Catherine, on vous dit souvent : vous êtes sexologue, ça doit être amusant comme métier ! Pourtant, vous nous expliquez que cette remarque vous étonne toujours. Car la sexualité, quand ça fonctionne, c’est léger, agréable et parfois amusant, mais quand ça ne fonctionne pas, ça peut devenir terriblement douloureux…

Ecouter la chronique du Dr Catherine Solano:

Oui, nous venons de parler d’un sujet très grave, le suicide, et moi, je vais vous parler de sexualité, un sujet qui semble bien plus léger. Et oui, la sexualité c’est comme vous le dites, léger, amusant, agréable. Et en même temps c’est profond puisque la sexualité, c’est notre élan de vie, l’acte qui nous permet de donner la vie, d’entrer en communication intime avec l’autre. Et justement comme l’acte sexuel est normalement un acte de joie, de bonheur, de partage, quand ça ne va pas, c’est d’autant plus grave.
Un peu comme la naissance. J’ai travaillé en maternité et une naissance, c’est merveilleux. Je ressentais toujours une joie profonde en assistant à des naissances. Mais quand ça se passe mal, c’est d’autant plus douloureux. J’ai assisté à quelques naissances d’enfants souffrant de malformation, et là, on se sent très mal, bien plus mal encore que dans un service où l’on ne voit que des personnes qui sont malades. Parce qu’on s’attend à de la joie et que c’est de la peine qui survient.
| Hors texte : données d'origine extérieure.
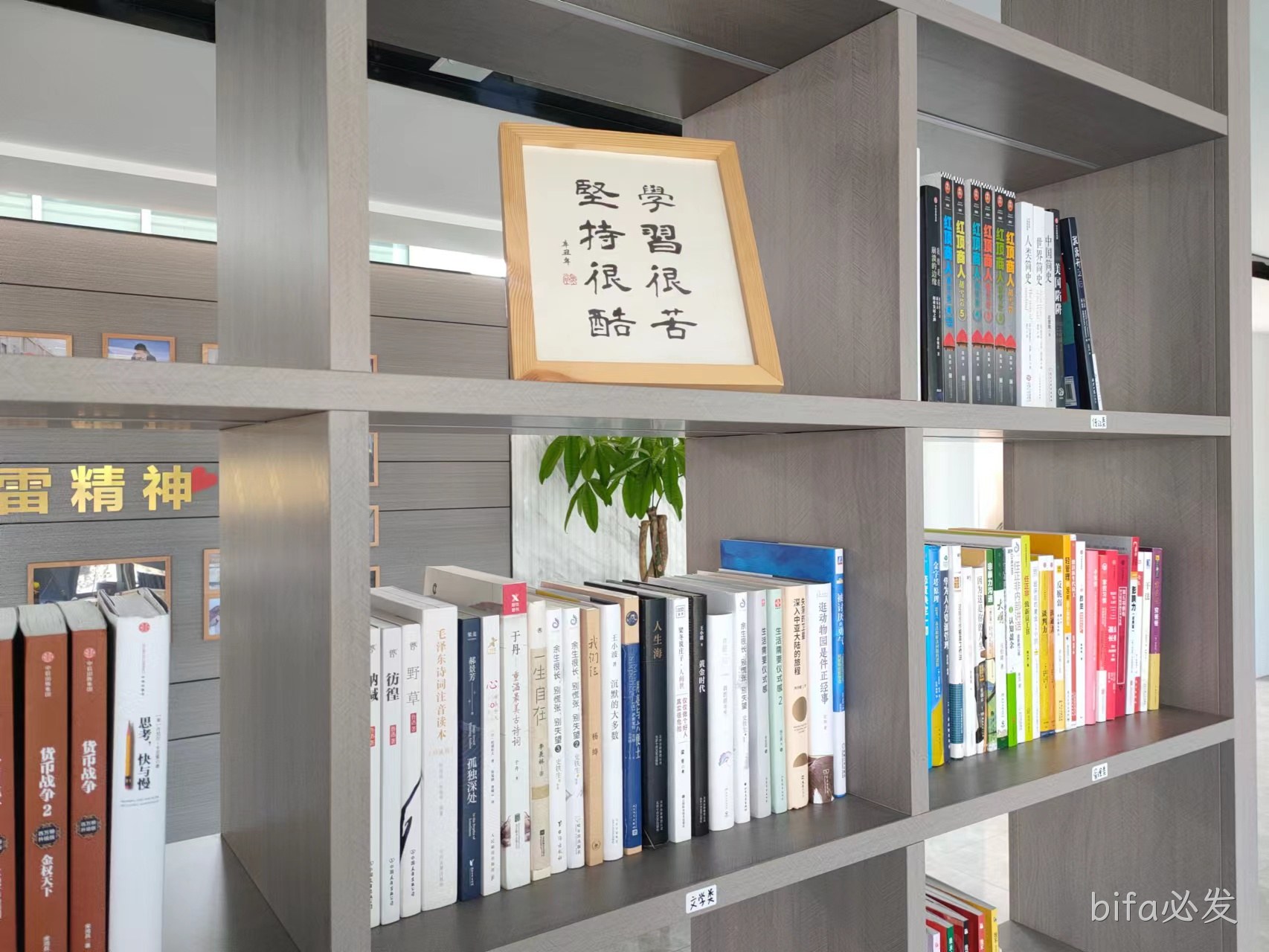 第三届bifa必发学习月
Je pense que c’est un peu pareil dans la sexualité. Nous attendons tous de la sexualité de la joie, de la rencontre, du partage. Et si l’on trouve de la peine, c’est extrêmement douloureux. Or, un sexologue ne voit pas beaucoup la joie, il reçoit surtout des personnes dans la peine et souvent dans une grande peine.

La sexualité, quand elle ne fonctionne pas, peut donc entraîner des dépressions parfois graves ou même des tentatives de suicide. Nous connaissons tous quelqu’un de notre entourage qui a fait une tentative de suicide ou malheureusement un suicide réussi pour ce que l’on appelle pudiquement « une peine de cœur ». Mais bien sûr, quand on en arrive là, c’est plus que de la peine, c’est du désespoir, sinon, on ne cherche pas à se suicider.
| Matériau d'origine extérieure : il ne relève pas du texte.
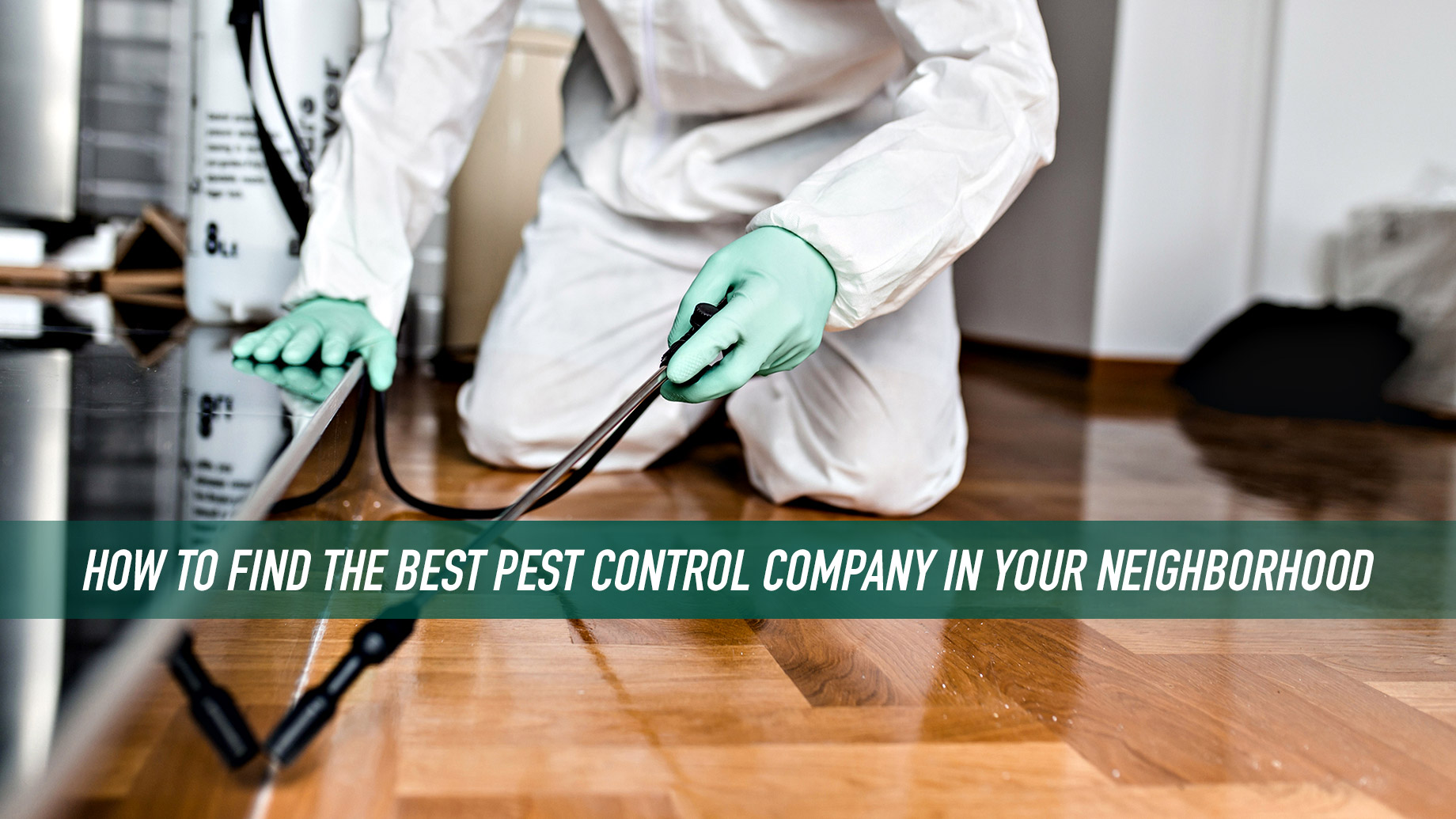 How to Find the Best Pest Control Company in Your Neighborhood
Claire : Pourquoi peut-on en arrive à un tel désespoir pour des raisons liées à la sexualité ?

Catherine : Les raisons peuvent être liées à la sexualité, et dans le fond, elles sont plutôt liées aux émotions. Et c’est presque toujours, au fond, la peur de ne pas pouvoir être aimé.
La peur de ne pas être comme il faut : Trop de personnes pensent ne pas être comme il faut. Ne pas avoir un corps suffisamment beau, ne pas savoir s’y prendre comme il faut, ne pas donner suffisamment de plaisir à l’autre, ne pas être intéressant… Alors, on peut se sentir désespéré et penser qu’on ne sera jamais aimé, que l’on restera toujours seul.
Quand quelqu’un vient consulter pour un problème d’érection, d’éjaculation précoce, de douleurs pendant les rapports sexuels, par manque de désir ou de plaisir, en fait, le problème sexuel n’est pas le plus important. La question de la personne qui vient me voir c’est plutôt : l’autre pourra-t-il ou pourra-t-elle continuer à m’aimer comme je suis avec mes problèmes ? Et si je continue à avoir ces problèmes, l’autre va-t-il cesser de m’aimer, va-t-il partir, m’abandonner ?
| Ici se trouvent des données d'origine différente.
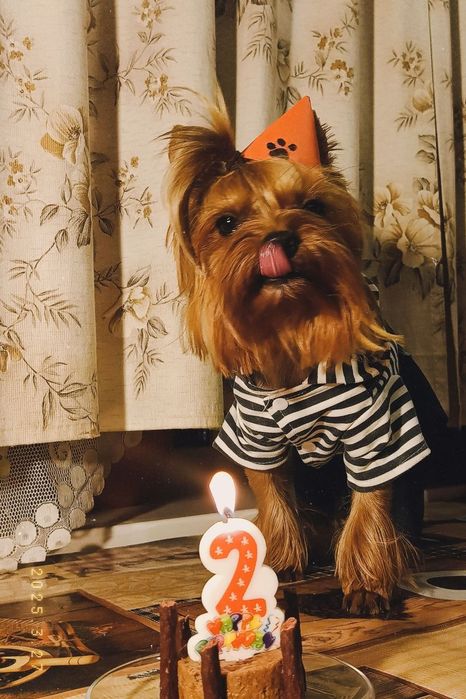 Міні йорк шукає дівчинку для в'язки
Claire : mais pour avoir si peur de ne pas être aimé, il faut manquer beaucoup de confiance en soi. Parce que tout le monde peut avoir quelques problèmes un jour ou l’autre !

Catherine : Bien sûr, mais c’est la manière d’aborder ces problèmes qui change tout.
Je me souviens d’un ami qui avait environ 30 ans et qui me disait : oui, j’ai parfois des pannes d’érection. Mais bon, ce n’est pas grave, ça arrive à tout le monde un jour ou l’autre. Et le lendemain, ça va mieux ! Je lui avais répondu : tu as de la chance de réagir ainsi. Moi, en consultation, je vois des personnes désespérées par ce type de pannes occasionnelle. Et lui était très étonné.

Claire : C’est quoi la différence entre quelqu’un qui supporte facilement une difficulté et quelqu’un qui en fait une montagne ? Pourquoi nous ne réagissons pas tous pareil ?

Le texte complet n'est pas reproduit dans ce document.